A commission recommended shifting responsibility for most children in the juvenile justice system to county governments, where they will be dealt with while living at home. The state’s lockup facilities will be reserved for those who are violent or considered the most likely to break the law again.
For Georgians wondering how well the reforms will work, there is the example of Texas, which instituted them five years ago.
Georgia’s motivation for change is simply the desire to save money. Locking up a juvenile costs $90,000 annually, which is more than an adult prisoner costs.
Five years ago, the number of Texas youths locked up in state-run detention centers was about 4,700. Since then, the number has steadily dropped to fewer than 1,500.
The juvenile crime rate has decreased significantly, according to Jeanette Moll, a juvenile justice policy analyst at the Texas Public Policy Foundation. Arrests fell from 141,000 in 2005 to 116,000 in 2010, an 18 percent decrease.
Thanks to those lower numbers, the state has saved about $200 million.
Texas’ major reforms included changing a law that automatically sent youngsters convicted of misdemeanors to state lockups, which is one of the recommendations of the Georgia commission as well.
Despite the progress, the system is still dealing with serious problems.
For instance, the youths tend to fight more or lash out at facility employees, said Bill Monroe, the senior director of finance and technology at the Texas Juvenile Justice Department.
For Michelle Deitch, other problems are just as worrisome.
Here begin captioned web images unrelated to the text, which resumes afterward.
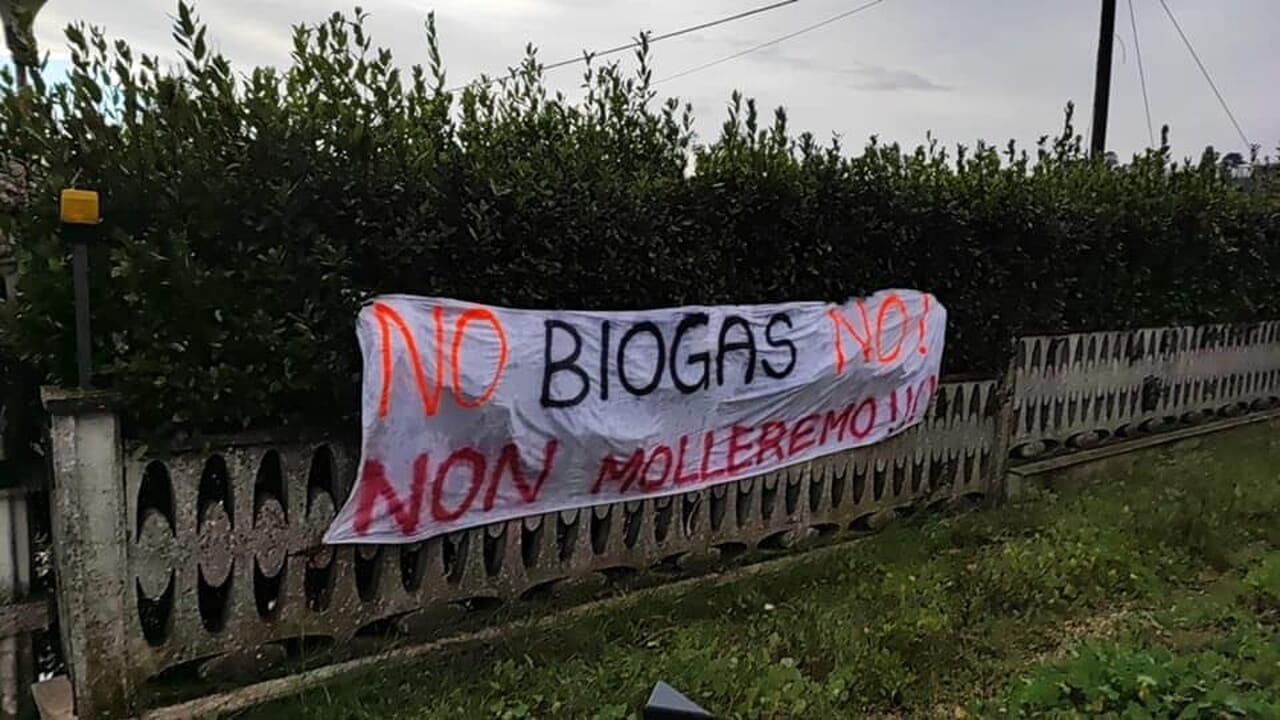 Vista panoramica di Ponte Caldaro, luogo previsto per il biodigestore di Metanar Srl.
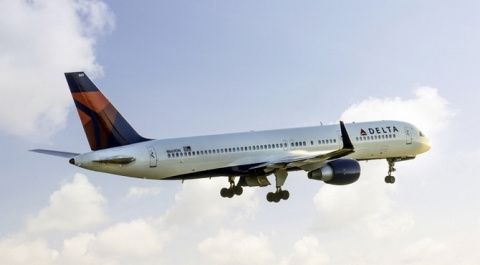 Los vuelos son operados con un Boeing 757-200. Los vuelos son operados con un Boeing 757-200.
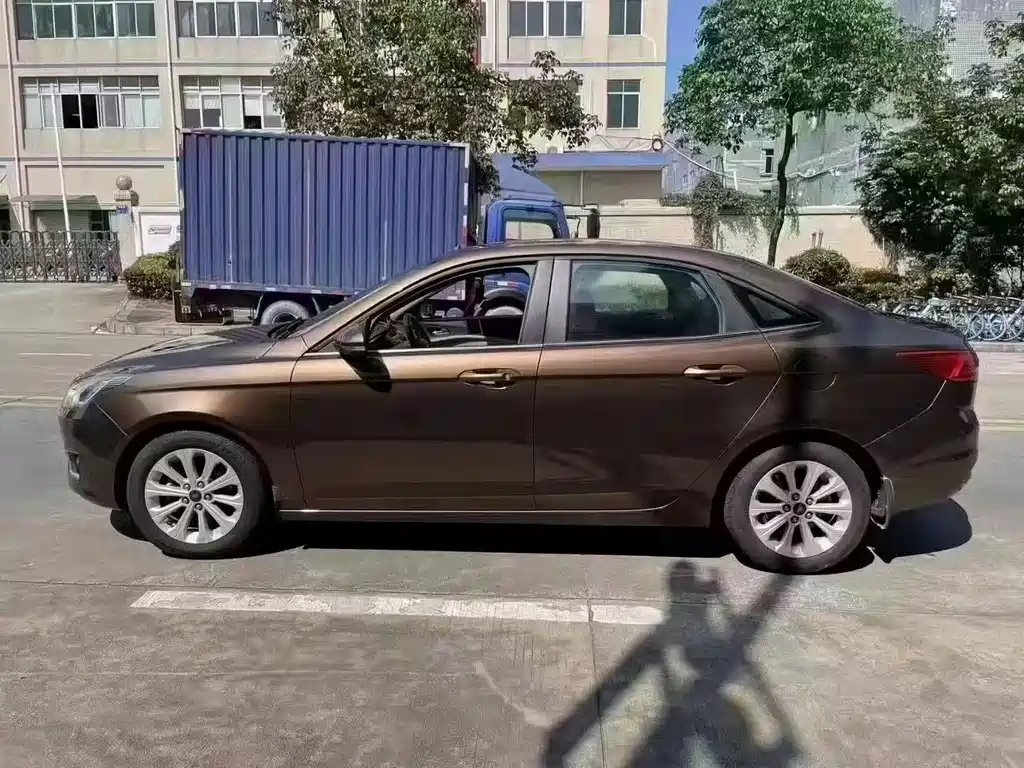 Escort 1.5 L Auto Fashion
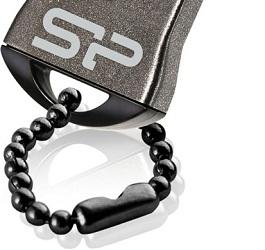 Накопитель SP/Silicon Power Touch T01 настолько мал, что похож на заглушку для порта USB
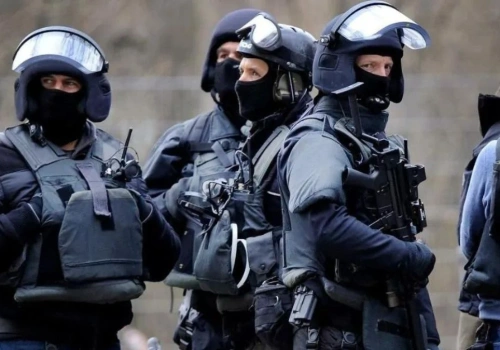 Ogromna akcja służb w Niemczech. 18-latek zabarykadował się z bronią i otworzył ogień do policji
“Youth-on-youth violence is still high, and the (guards’) use of pepper spray is unacceptably high,” said Deitch, a juvenile system expert at the LBJ School at the University of Texas. “We need better gang management and early intervention.”
Keeping the most challenging youths in the state system allows the counties to deal with the others who get into trouble for skipping school, running away from home and other offenses that wouldn’t be crimes if committed by adults.
County oversight is much cheaper, according to Moll, the think-tank analyst. The average daily cost for each incarcerated youth in any of Texas’ six state-run detention centers is over $400, but in county facilities it is about $140 less.
Texas – as Georgia is planning – took some of the money it had spent on its state-run system and transferred it to the counties. Some critics in Georgia have expressed fear that state officials would shift responsibilities to the local governments but not shift adequate funds.
That hasn’t been a problem in Texas.
If Texas were indeed to pass the cost of reforming the youngsters to the counties, the local governments would have the option of closing their facilities, Moll said. Thus, the Legislature has a strong incentive not to create any unfunded mandates.
However, state Sen. Kel Seliger, the former vice chairman of the Texas Senate Criminal Justice Committee, one of two legislative panels that investigated the reports of brutality, cautioned about getting excited over the cost savings the reforms to the juvenile justice system have triggered.
“This was not intended to be a money-saving issue,” said Seliger, R-Amarillo. “It was intended to reform the system.”